Only one stretch of lines is wanted: the line with "Adidas X Como 1907 Shorts Verde Oliva" through the final line of the material. Restate it word for word, minus pictures.

__Supplied data__
________________________

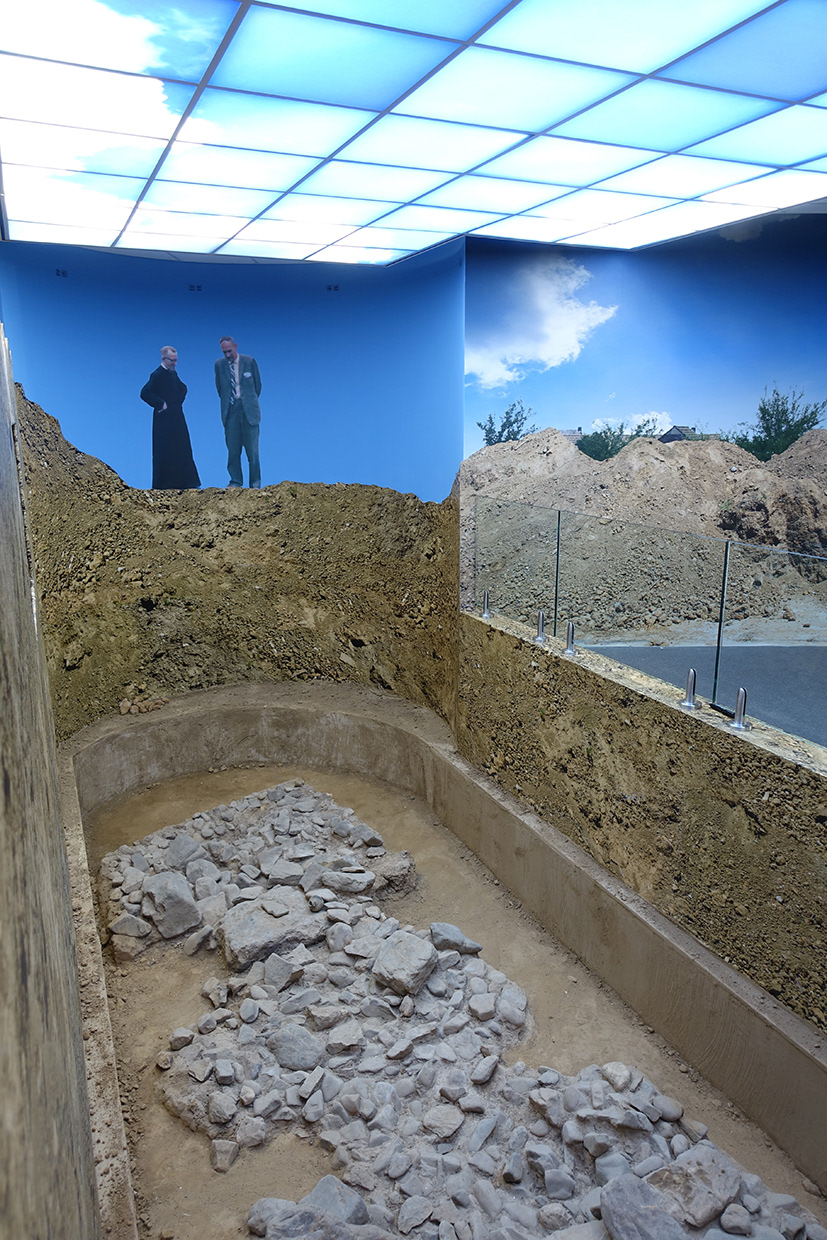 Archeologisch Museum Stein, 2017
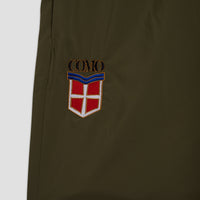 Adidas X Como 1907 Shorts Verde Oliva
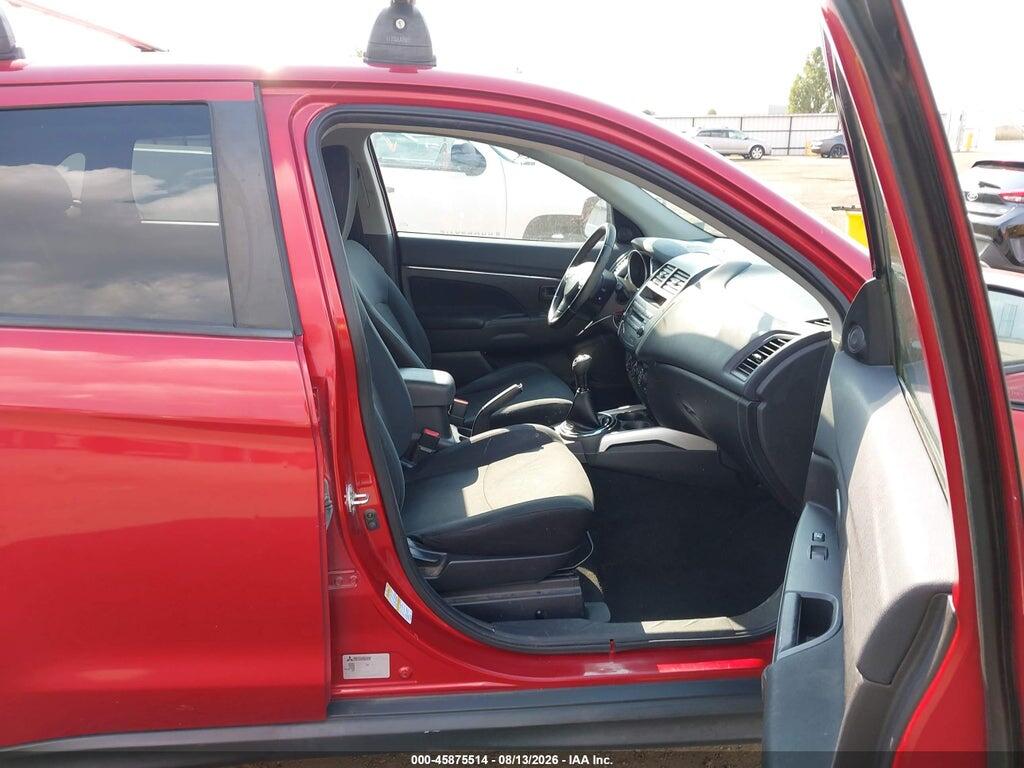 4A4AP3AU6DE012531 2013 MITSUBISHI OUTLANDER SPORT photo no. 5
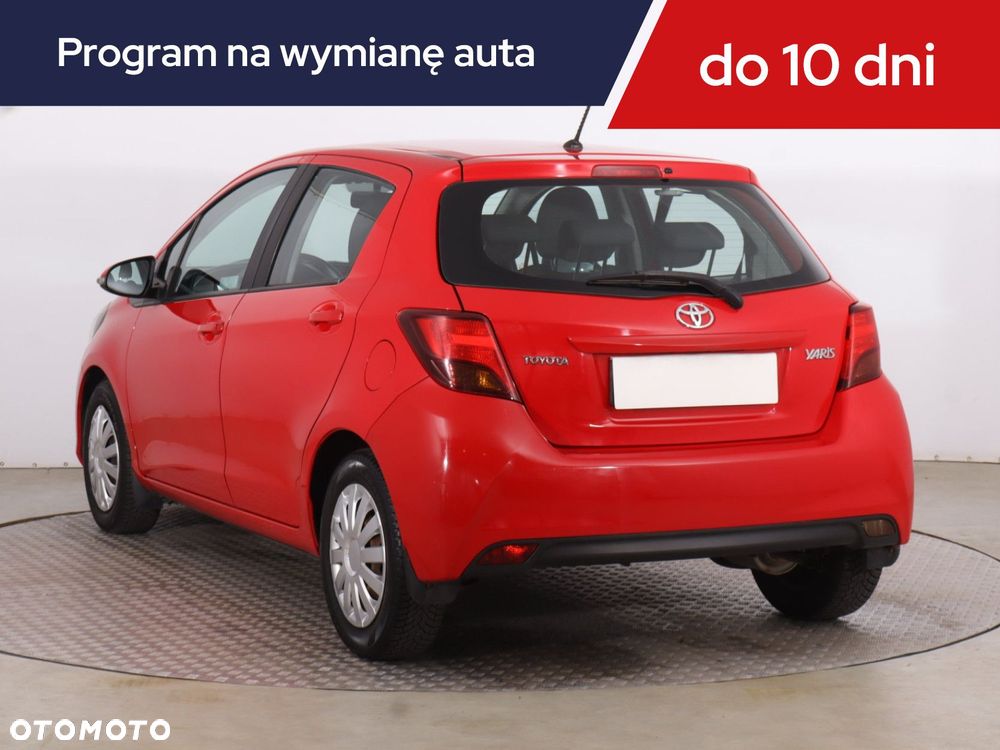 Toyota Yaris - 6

________________________

__Worked solution__
 Adidas X Como 1907 Shorts Verde Oliva
 4A4AP3AU6DE012531 2013 MITSUBISHI OUTLANDER SPORT photo no. 5
 Toyota Yaris - 6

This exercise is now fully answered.